At Mozilla we’re excited about the potential of speech recognition. We believe this technology can and will enable a wave of innovative products and services, and that it should be available to everyone.

And yet, while this technology is still maturing, we’re seeing significant barriers to innovation that can put people first. These challenges inspired us to launch Project DeepSpeech and Project Common Voice. Today, we have reached two important milestones in these projects for the speech recognition work of our Machine Learning Group at Mozilla.

I’m excited to announce the initial release of Mozilla’s open source speech recognition model that has an accuracy approaching what humans can perceive when listening to the same recordings. We are also releasing the world’s second largest publicly available voice dataset, which was contributed to by nearly 20,000 people globally.

An open source speech-to-text engine approaching user-expected performance

There are only a few commercial quality speech recognition services available, dominated by a small number of large companies. This reduces user choice and available features for startups, researchers or even larger companies that want to speech-enable their products and services.

This is why we started DeepSpeech as an open source project. Together with a community of likeminded developers, companies and researchers, we have applied sophisticated machine learning techniques and a variety of innovations to build a speech-to-text engine that has a word error rate of just 6.5% on LibriSpeech’s test-clean dataset.

In our initial release today, we have included pre-built packages for Python, NodeJS and a command-line binary that developers can use right away to experiment with speech recognition.

Building the world’s most diverse publicly available voice dataset, optimized for training voice technologies

One reason so few services are commercially available is a lack of data. Startups, researchers or anyone else who wants to build voice-enabled technologies need high quality, transcribed voice data on which to train machine learning algorithms. Right now, they can only access fairly limited data sets.

To address this barrier, we launched Project Common Voice this past July. Our aim is to make it easy for people to donate their voices to a publicly available database, and in doing so build a voice dataset that everyone can use to train new voice-enabled applications.

Today, we’ve released the first tranche of donated voices: nearly 400,000 recordings, representing 500 hours of speech. Anyone can download this data.

What’s most important for me is that our work represents the world around us. We’ve seen contributions from more than 20,000 people, reflecting a diversity of voices globally. Too often existing speech recognition services can’t understand people with different accents, and many are better at understanding men than women — this is a result of biases within the data on which they are trained. Our hope is that the number of speakers and their different backgrounds and accents will create a globally representative dataset, resulting in more inclusive technologies.

To this end, while we’ve started with English, we are working hard to ensure that Common Voice will support voice donations in multiple languages beginning in the first half of 2018.

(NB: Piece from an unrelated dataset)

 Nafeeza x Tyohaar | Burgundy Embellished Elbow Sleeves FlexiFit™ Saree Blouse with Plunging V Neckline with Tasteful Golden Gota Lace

Finally, as we have experienced the challenge of finding publicly available voice datasets, alongside the Common Voice data we have also compiled links to download all the other large voice collections we know about.

Our open development approach

We at Mozilla believe technology should be open and accessible to all, and that includes voice. Our approach to developing this technology is open by design, and we very much welcome more collaborators and contributors who we can work alongside.

As the web expands beyond the 2D page, into the myriad ways where we connect to the Internet through new means like VR, AR, Speech, and languages, we’ll continue our mission to ensure the Internet is a global public resource, open and accessible to all.